The surrogate of an absent extended social network of the neighborhood was something I started to recognize on the pavement of the ground. Rather than moving with downcast eyes, I was reacquainting myself with place in walks to a shop, to get coffee, or to venture outside, for evidence of a place that I had perhaps missed before, that invested the benchmark placed on the boundary of a local parklet with surprise as a relation of place to the global, or a perspective on the meaning of place–or relation of local and global, taken for granted in pre-pandemic times, looking for bearings amidst increased uncertainty. And the discovery of an improvised marker, reminding me of the grids that wrap around the earth, that had been tracking the progress of global infections, seemed punctured for a moment by the mock benchmark, emulating the over a million geodetic markers in North America–tidal benchmarks noting elevation in reference to a geodetic datum, survey points that act as controls for lat, long, and height, that acted as surveyors’ control points–but conflating the genre with the personal nature of the meaning of place. If the current geodetic datum has antiquated earlier benchmarks, they lie beneath the new networks, traces of past spatialities like the old contractors’ names. Benjamin was no bird-watcher, but the strikes were “object-lessons” affording almost sensory experiences of a changed sense of urban space. And the marker, as much as signal exact terrestrial position, is located at the intersection between two streets, in the pedestrian space of the edge of a park.

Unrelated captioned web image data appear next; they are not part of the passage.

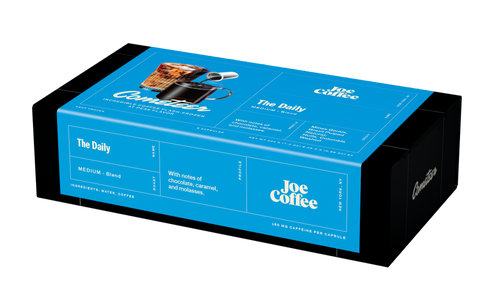 The Daily coffee box packaging in bright blue and black with notes of chocolate caramel and molasses from Joe Coffee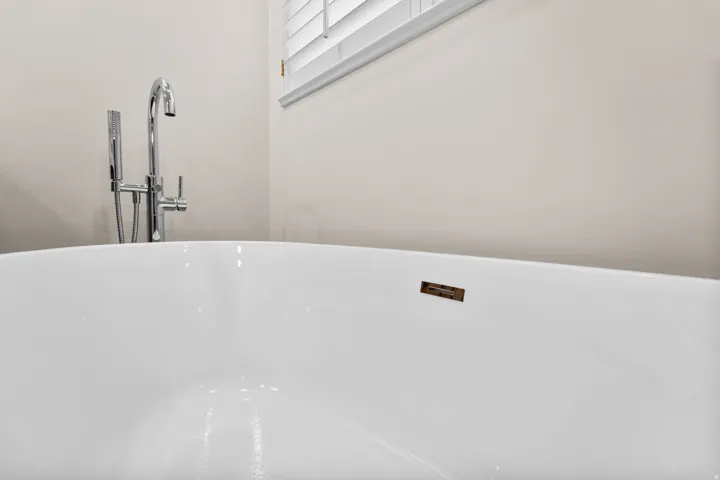 Freestanding soaking tub with a polished chrome floor-mounted tub filler and handheld shower attachment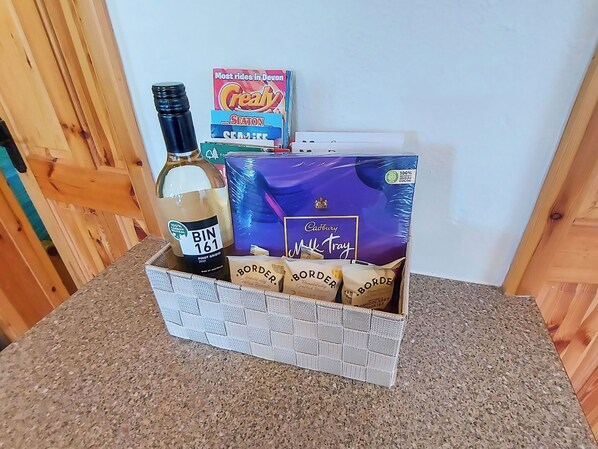 A gift basket containing a bottle of Bin 161 Pinot Grigio wine, a Cadbury Mk Tray chocolate box, and several Borde chocolate bars.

Heightened sensitivity to one’s surroundings, perhaps brought by sensory deprivation, was an unforeseen and almost positive by-product of the pandemic, stretching from the play of sunlight on leaves to song lyrics, and extending to budding magnolias or dropping seed pods of sweet gums and their off-red leaves. And at the same time as such spray-painted pavement markers offer ubiquitous reminders of protocols of social distancing In the pandemic, I started to catch myself reading marks on the pavement for far more permanent or material signs of spaces we inhabit. In an age of global and national maps of the COVID-19 infections, hospitalizations due to the virus, human mortality, and lives lost, the retreat to the local seemed manageable, the faux benchmark that was hardly noticeable became something of a a symbolic center of an imagined geography I retreated, a point of orientation for an imaginary community–and spatiality–in the age of social distancing. Walking past the marker, and other benchmarks of surer history, raised questions of how these spatialities mapped onto one another, with a quite compelling sense of surprise: in the constant absence of face-to-face interaction, or the lack of embodied discussion of which we are all reminded daily, the spatiality to which that faux benchmark gestured became a source for private reverie, foreign to Thoreaux or Rousseau, to be sure, against the tracking of the spatial advance tracked of coronavirus infections. The place marker was a monument to the precision of coordinates–if the area you are describing would probably take six decimal places, to offer a sense of real position, even if the suboceanic antipode didn’t seem to demand much precision.